EXERCISE: The complete set of records should be given again verbatim.

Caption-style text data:
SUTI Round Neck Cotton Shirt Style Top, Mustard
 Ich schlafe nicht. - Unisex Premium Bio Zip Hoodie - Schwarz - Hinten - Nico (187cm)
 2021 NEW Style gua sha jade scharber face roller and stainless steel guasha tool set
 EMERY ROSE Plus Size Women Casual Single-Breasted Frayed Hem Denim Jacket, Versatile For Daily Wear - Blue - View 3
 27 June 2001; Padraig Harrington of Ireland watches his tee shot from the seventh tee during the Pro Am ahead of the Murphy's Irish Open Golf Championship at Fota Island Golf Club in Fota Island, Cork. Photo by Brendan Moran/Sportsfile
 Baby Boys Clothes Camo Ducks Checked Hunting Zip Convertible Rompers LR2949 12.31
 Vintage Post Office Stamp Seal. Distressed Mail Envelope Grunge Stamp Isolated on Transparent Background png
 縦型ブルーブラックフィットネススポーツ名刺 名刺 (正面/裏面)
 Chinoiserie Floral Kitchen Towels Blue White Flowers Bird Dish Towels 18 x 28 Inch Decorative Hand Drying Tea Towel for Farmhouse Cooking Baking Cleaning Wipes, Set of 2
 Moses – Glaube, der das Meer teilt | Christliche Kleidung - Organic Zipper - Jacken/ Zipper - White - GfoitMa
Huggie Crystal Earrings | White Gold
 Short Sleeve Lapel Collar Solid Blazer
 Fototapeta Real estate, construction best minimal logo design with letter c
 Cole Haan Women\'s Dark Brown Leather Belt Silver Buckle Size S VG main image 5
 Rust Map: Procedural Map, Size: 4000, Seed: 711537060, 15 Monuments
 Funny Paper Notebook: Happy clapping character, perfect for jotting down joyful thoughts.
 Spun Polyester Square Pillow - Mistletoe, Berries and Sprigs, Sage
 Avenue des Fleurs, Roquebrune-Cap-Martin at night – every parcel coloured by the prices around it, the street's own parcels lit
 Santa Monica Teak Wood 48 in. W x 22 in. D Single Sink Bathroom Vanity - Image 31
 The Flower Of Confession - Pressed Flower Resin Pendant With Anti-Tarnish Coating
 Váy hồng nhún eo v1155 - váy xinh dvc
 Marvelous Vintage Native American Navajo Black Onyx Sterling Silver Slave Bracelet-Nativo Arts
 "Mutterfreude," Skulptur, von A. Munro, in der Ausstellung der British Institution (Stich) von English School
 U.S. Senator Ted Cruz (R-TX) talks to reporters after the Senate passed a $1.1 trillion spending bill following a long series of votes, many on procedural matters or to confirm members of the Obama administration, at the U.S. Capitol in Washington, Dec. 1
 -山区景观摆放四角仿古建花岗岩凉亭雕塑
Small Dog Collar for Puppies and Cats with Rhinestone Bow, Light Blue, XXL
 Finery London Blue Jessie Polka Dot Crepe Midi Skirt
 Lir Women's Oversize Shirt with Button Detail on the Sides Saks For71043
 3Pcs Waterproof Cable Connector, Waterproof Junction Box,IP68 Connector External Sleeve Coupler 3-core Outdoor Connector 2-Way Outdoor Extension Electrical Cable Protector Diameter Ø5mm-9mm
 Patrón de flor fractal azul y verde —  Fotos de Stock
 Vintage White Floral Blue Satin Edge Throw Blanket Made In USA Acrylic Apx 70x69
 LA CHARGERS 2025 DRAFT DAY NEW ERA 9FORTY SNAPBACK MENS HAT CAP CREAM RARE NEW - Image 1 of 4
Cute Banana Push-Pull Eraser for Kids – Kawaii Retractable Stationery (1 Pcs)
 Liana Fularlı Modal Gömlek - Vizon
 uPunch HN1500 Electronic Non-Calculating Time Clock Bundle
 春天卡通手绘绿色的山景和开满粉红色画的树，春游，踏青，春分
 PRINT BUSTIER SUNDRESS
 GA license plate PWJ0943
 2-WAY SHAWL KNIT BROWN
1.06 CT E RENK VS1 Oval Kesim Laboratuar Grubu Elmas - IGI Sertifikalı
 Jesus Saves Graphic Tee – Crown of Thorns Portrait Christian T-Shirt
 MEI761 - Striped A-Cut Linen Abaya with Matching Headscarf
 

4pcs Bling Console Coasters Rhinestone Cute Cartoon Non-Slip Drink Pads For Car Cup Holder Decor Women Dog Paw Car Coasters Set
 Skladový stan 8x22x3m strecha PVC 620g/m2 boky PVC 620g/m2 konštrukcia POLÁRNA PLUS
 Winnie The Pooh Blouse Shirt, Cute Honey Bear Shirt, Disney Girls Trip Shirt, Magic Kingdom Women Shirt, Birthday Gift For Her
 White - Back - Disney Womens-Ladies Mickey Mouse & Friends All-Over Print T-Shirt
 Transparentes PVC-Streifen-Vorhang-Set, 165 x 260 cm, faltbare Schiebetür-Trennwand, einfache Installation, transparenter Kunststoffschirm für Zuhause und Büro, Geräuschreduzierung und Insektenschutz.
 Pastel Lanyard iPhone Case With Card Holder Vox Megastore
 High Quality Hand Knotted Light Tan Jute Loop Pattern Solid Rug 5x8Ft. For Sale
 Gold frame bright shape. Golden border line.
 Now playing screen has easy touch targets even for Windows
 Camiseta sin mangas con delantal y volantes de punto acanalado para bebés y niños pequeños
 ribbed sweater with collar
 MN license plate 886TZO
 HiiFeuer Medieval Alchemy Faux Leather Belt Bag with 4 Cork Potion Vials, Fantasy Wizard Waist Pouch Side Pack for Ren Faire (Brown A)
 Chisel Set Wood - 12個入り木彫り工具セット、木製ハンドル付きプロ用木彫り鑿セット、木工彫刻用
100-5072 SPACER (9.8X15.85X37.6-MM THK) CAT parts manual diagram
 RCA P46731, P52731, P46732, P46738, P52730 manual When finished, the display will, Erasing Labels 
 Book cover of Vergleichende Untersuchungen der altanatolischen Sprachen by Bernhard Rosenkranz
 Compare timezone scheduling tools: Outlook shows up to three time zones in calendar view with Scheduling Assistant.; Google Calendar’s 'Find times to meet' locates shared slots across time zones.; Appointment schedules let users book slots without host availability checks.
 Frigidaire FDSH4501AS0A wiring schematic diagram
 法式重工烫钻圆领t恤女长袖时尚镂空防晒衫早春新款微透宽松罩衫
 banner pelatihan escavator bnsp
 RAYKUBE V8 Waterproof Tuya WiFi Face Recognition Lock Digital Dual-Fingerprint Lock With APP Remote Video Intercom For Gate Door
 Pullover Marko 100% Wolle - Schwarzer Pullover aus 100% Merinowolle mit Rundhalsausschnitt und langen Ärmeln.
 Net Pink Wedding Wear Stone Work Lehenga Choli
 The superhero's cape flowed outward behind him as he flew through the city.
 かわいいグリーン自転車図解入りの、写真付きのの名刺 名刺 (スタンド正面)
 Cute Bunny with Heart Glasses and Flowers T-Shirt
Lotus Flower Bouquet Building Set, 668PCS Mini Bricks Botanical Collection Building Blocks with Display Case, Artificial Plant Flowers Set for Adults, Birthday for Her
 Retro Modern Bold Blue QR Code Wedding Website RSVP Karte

RESULT OF THIS EXERCISE:
SUTI Round Neck Cotton Shirt Style Top, Mustard
 Ich schlafe nicht. - Unisex Premium Bio Zip Hoodie - Schwarz - Hinten - Nico (187cm)
 2021 NEW Style gua sha jade scharber face roller and stainless steel guasha tool set
 EMERY ROSE Plus Size Women Casual Single-Breasted Frayed Hem Denim Jacket, Versatile For Daily Wear - Blue - View 3
 27 June 2001; Padraig Harrington of Ireland watches his tee shot from the seventh tee during the Pro Am ahead of the Murphy's Irish Open Golf Championship at Fota Island Golf Club in Fota Island, Cork. Photo by Brendan Moran/Sportsfile
 Baby Boys Clothes Camo Ducks Checked Hunting Zip Convertible Rompers LR2949 12.31
 Vintage Post Office Stamp Seal. Distressed Mail Envelope Grunge Stamp Isolated on Transparent Background png
 縦型ブルーブラックフィットネススポーツ名刺 名刺 (正面/裏面)
 Chinoiserie Floral Kitchen Towels Blue White Flowers Bird Dish Towels 18 x 28 Inch Decorative Hand Drying Tea Towel for Farmhouse Cooking Baking Cleaning Wipes, Set of 2
 Moses – Glaube, der das Meer teilt | Christliche Kleidung - Organic Zipper - Jacken/ Zipper - White - GfoitMa
Huggie Crystal Earrings | White Gold
 Short Sleeve Lapel Collar Solid Blazer
 Fototapeta Real estate, construction best minimal logo design with letter c
 Cole Haan Women\'s Dark Brown Leather Belt Silver Buckle Size S VG main image 5
 Rust Map: Procedural Map, Size: 4000, Seed: 711537060, 15 Monuments
 Funny Paper Notebook: Happy clapping character, perfect for jotting down joyful thoughts.
 Spun Polyester Square Pillow - Mistletoe, Berries and Sprigs, Sage
 Avenue des Fleurs, Roquebrune-Cap-Martin at night – every parcel coloured by the prices around it, the street's own parcels lit
 Santa Monica Teak Wood 48 in. W x 22 in. D Single Sink Bathroom Vanity - Image 31
 The Flower Of Confession - Pressed Flower Resin Pendant With Anti-Tarnish Coating
 Váy hồng nhún eo v1155 - váy xinh dvc
 Marvelous Vintage Native American Navajo Black Onyx Sterling Silver Slave Bracelet-Nativo Arts
 "Mutterfreude," Skulptur, von A. Munro, in der Ausstellung der British Institution (Stich) von English School
 U.S. Senator Ted Cruz (R-TX) talks to reporters after the Senate passed a $1.1 trillion spending bill following a long series of votes, many on procedural matters or to confirm members of the Obama administration, at the U.S. Capitol in Washington, Dec. 1
 -山区景观摆放四角仿古建花岗岩凉亭雕塑
Small Dog Collar for Puppies and Cats with Rhinestone Bow, Light Blue, XXL
 Finery London Blue Jessie Polka Dot Crepe Midi Skirt
 Lir Women's Oversize Shirt with Button Detail on the Sides Saks For71043
 3Pcs Waterproof Cable Connector, Waterproof Junction Box,IP68 Connector External Sleeve Coupler 3-core Outdoor Connector 2-Way Outdoor Extension Electrical Cable Protector Diameter Ø5mm-9mm
 Patrón de flor fractal azul y verde —  Fotos de Stock
 Vintage White Floral Blue Satin Edge Throw Blanket Made In USA Acrylic Apx 70x69
 LA CHARGERS 2025 DRAFT DAY NEW ERA 9FORTY SNAPBACK MENS HAT CAP CREAM RARE NEW - Image 1 of 4
Cute Banana Push-Pull Eraser for Kids – Kawaii Retractable Stationery (1 Pcs)
 Liana Fularlı Modal Gömlek - Vizon
 uPunch HN1500 Electronic Non-Calculating Time Clock Bundle
 春天卡通手绘绿色的山景和开满粉红色画的树，春游，踏青，春分
 PRINT BUSTIER SUNDRESS
 GA license plate PWJ0943
 2-WAY SHAWL KNIT BROWN
1.06 CT E RENK VS1 Oval Kesim Laboratuar Grubu Elmas - IGI Sertifikalı
 Jesus Saves Graphic Tee – Crown of Thorns Portrait Christian T-Shirt
 MEI761 - Striped A-Cut Linen Abaya with Matching Headscarf
 

4pcs Bling Console Coasters Rhinestone Cute Cartoon Non-Slip Drink Pads For Car Cup Holder Decor Women Dog Paw Car Coasters Set
 Skladový stan 8x22x3m strecha PVC 620g/m2 boky PVC 620g/m2 konštrukcia POLÁRNA PLUS
 Winnie The Pooh Blouse Shirt, Cute Honey Bear Shirt, Disney Girls Trip Shirt, Magic Kingdom Women Shirt, Birthday Gift For Her
 White - Back - Disney Womens-Ladies Mickey Mouse & Friends All-Over Print T-Shirt
 Transparentes PVC-Streifen-Vorhang-Set, 165 x 260 cm, faltbare Schiebetür-Trennwand, einfache Installation, transparenter Kunststoffschirm für Zuhause und Büro, Geräuschreduzierung und Insektenschutz.
 Pastel Lanyard iPhone Case With Card Holder Vox Megastore
 High Quality Hand Knotted Light Tan Jute Loop Pattern Solid Rug 5x8Ft. For Sale
 Gold frame bright shape. Golden border line.
 Now playing screen has easy touch targets even for Windows
 Camiseta sin mangas con delantal y volantes de punto acanalado para bebés y niños pequeños
 ribbed sweater with collar
 MN license plate 886TZO
 HiiFeuer Medieval Alchemy Faux Leather Belt Bag with 4 Cork Potion Vials, Fantasy Wizard Waist Pouch Side Pack for Ren Faire (Brown A)
 Chisel Set Wood - 12個入り木彫り工具セット、木製ハンドル付きプロ用木彫り鑿セット、木工彫刻用
100-5072 SPACER (9.8X15.85X37.6-MM THK) CAT parts manual diagram
 RCA P46731, P52731, P46732, P46738, P52730 manual When finished, the display will, Erasing Labels 
 Book cover of Vergleichende Untersuchungen der altanatolischen Sprachen by Bernhard Rosenkranz
 Compare timezone scheduling tools: Outlook shows up to three time zones in calendar view with Scheduling Assistant.; Google Calendar’s 'Find times to meet' locates shared slots across time zones.; Appointment schedules let users book slots without host availability checks.
 Frigidaire FDSH4501AS0A wiring schematic diagram
 法式重工烫钻圆领t恤女长袖时尚镂空防晒衫早春新款微透宽松罩衫
 banner pelatihan escavator bnsp
 RAYKUBE V8 Waterproof Tuya WiFi Face Recognition Lock Digital Dual-Fingerprint Lock With APP Remote Video Intercom For Gate Door
 Pullover Marko 100% Wolle - Schwarzer Pullover aus 100% Merinowolle mit Rundhalsausschnitt und langen Ärmeln.
 Net Pink Wedding Wear Stone Work Lehenga Choli
 The superhero's cape flowed outward behind him as he flew through the city.
 かわいいグリーン自転車図解入りの、写真付きのの名刺 名刺 (スタンド正面)
 Cute Bunny with Heart Glasses and Flowers T-Shirt
Lotus Flower Bouquet Building Set, 668PCS Mini Bricks Botanical Collection Building Blocks with Display Case, Artificial Plant Flowers Set for Adults, Birthday for Her
 Retro Modern Bold Blue QR Code Wedding Website RSVP Karte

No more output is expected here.